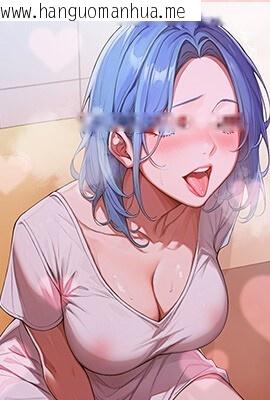 交易以外/成为房地产大亨的我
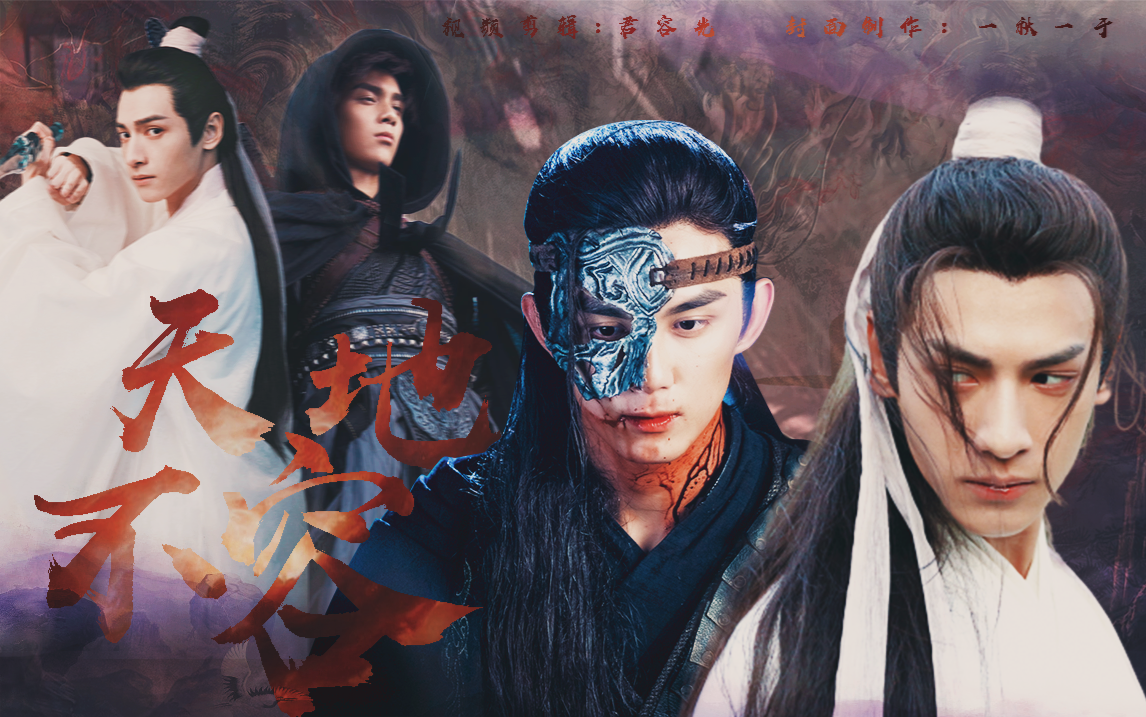 【奥利奥||双leo】天地不容|天界战神×魔尊||岩枭/百里鸿烁×润玉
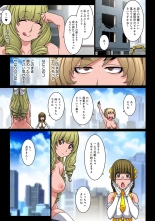 Oppai ga sekai o sukuu!? go touchi aidorudota pu?n Z 1-7 page 136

→ **Prompt**: Reproduce the material word for word, minus the images.

→ **Result**:
 交易以外/成为房地产大亨的我
 【奥利奥||双leo】天地不容|天界战神×魔尊||岩枭/百里鸿烁×润玉
 Oppai ga sekai o sukuu!? go touchi aidorudota pu?n Z 1-7 page 136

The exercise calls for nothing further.